Wird einem teilzeitbeschäftigten, berücksichtigungsfähigen Angehörigen eines Beamten der auf Grund Tarifvertrags zustehende Anspruch auf Beihilfe in Krankheits-, Geburts- und Todesfällen entsprechend dem Umfang der Arbeitszeit gequotelt, besteht Anspruch auf Beihilfe über den beamteten Ehegatten, wenn die sonstigen beihilferechtlichen Voraussetzungen (z.B. § 5 Abs. 4 Nr. 3) erfüllt sind. Von den beihilfefähigen Aufwendungen ist die auf Grund Tarifvertrag zustehende Beihilfe in Abzug zu bringen (§ 5 Abs. 3 Satz 1). § 5 Abs. 4 Nr. 7 findet keine Anwendung."

 

 

2. Die Hinweise zu § 5 Absatz 1 werden wie folgt geändert:

a) In Nummer 1 werden die Wörter "ärztliche und zahnärztliche Leistungen" durch die Wörter "ärztliche, zahnärztliche und psychotherapeutische Leistungen" ersetzt.


b) Nach Nummer 4.2 wird Nummer 4.3 eingefügt:

"4.3 Die Angemessenheit der Aufwendungen für Leistungen Psychologischer Psychotherapeuten und Kinder- und Jugendlichenpsychotherapeuten bei Privatbehandlung richtet sich nach der GOÄ mit der Maßgabe, dass Vergütungen nur für Leistungen berechnungsfähig sind, die in den Abschnitten B und G des Gebührenverzeichnisses der GOÄ aufgeführt sind - § 1 Abs. 2 Gebührenordnung für Psychologische Psychotherapeuten und Kinder- und Jugendlichenpsychotherapeuten (GOP) vom 8. Juni 2000, veröffentlicht im BGBl.
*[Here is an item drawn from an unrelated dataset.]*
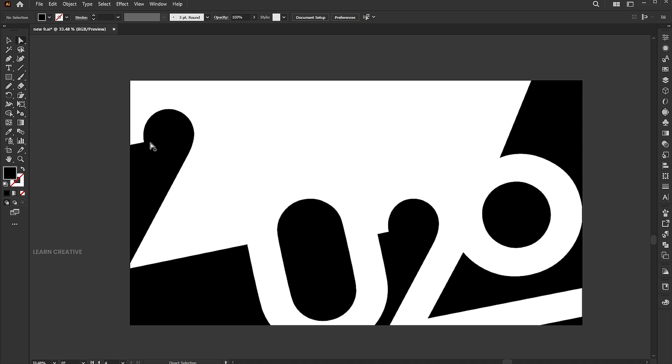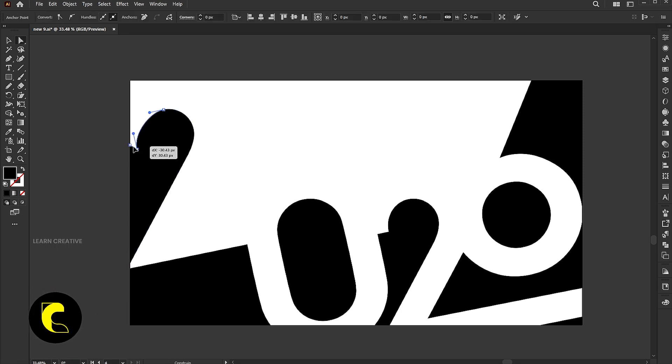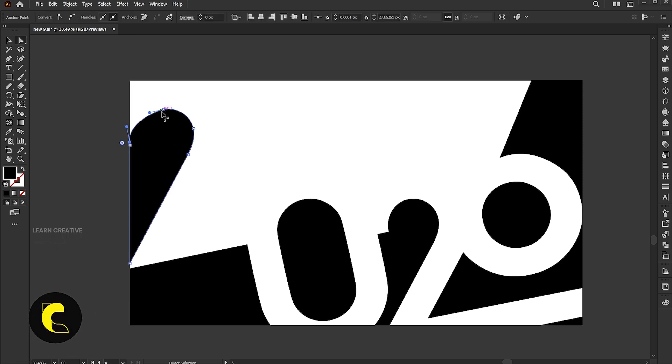Use the Direct Selection tool to adjust the points. Follow my adjustment settings.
I S. 818 -. Dabei handelt es sich insbesondere um folgende Gebührenziffern:

Abschnitt B der GOÄ: 1, 3, 4, 34, 60, 70 (ausgenommen Dienst- bzw. Arbeitsunfähigkeitsbescheinigungen), 75, 80, 85, 95;

Abschnitt G der GOÄ: 808, 835, 845, 846, 847, 855, 856, 857, 860, 861, 862, 863, 864, 865, 870, 871.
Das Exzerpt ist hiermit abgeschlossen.